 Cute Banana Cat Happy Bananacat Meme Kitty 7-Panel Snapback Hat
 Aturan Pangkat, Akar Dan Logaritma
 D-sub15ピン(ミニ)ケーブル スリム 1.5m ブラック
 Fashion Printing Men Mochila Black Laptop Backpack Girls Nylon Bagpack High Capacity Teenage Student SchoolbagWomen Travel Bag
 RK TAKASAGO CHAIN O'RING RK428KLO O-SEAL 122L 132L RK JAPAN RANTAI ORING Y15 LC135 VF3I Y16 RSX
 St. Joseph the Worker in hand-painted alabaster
··········
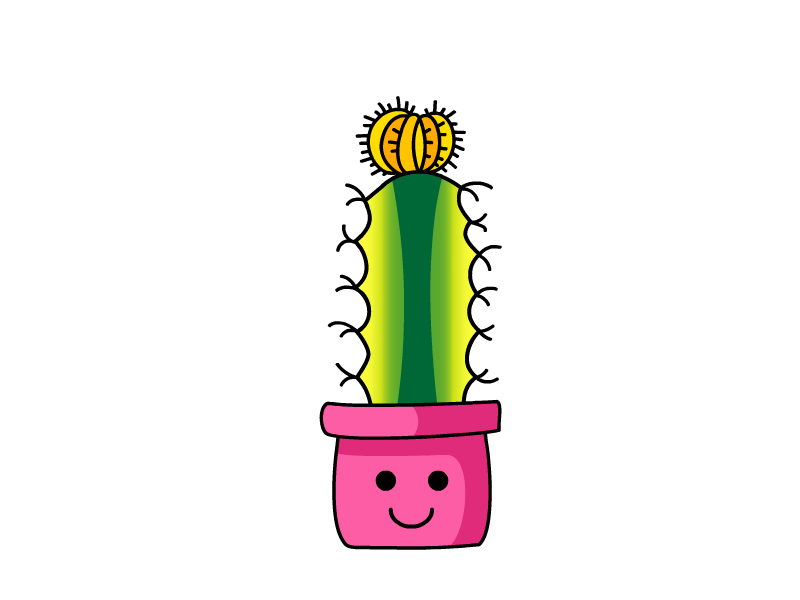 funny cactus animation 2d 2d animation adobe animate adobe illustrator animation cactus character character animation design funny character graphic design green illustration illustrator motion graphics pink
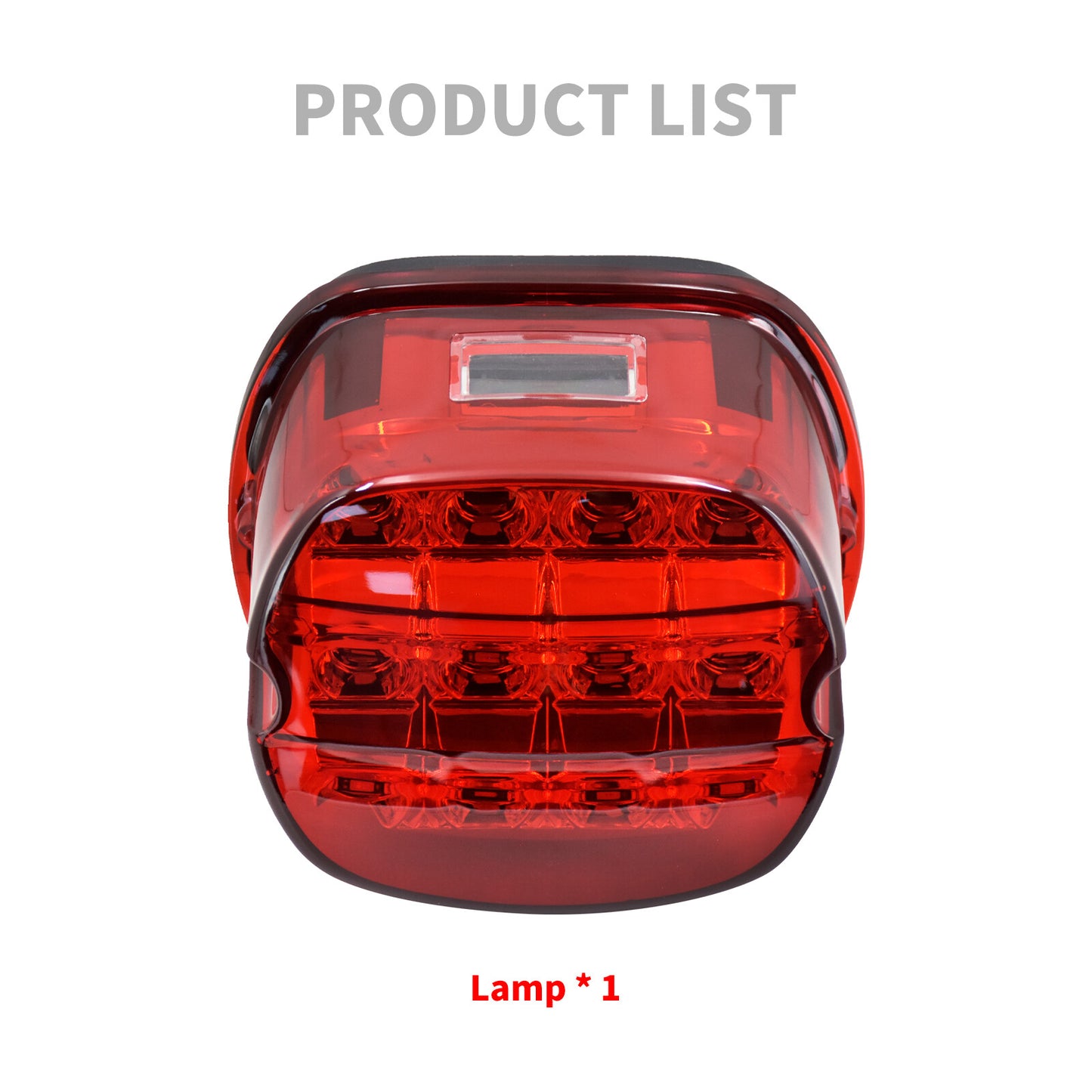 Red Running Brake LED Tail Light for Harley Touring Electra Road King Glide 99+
··········
**Work task**: In the entries above, find the line with "D-sub15ピン(ミニ)ケーブル スリム 1.5m ブラック" and the line with "St. Joseph the", then restate word for word both of them and every line between, with nothing more.

**Result of the task**:
 D-sub15ピン(ミニ)ケーブル スリム 1.5m ブラック
 Fashion Printing Men Mochila Black Laptop Backpack Girls Nylon Bagpack High Capacity Teenage Student SchoolbagWomen Travel Bag
 RK TAKASAGO CHAIN O'RING RK428KLO O-SEAL 122L 132L RK JAPAN RANTAI ORING Y15 LC135 VF3I Y16 RSX
 St. Joseph the Worker in hand-painted alabaster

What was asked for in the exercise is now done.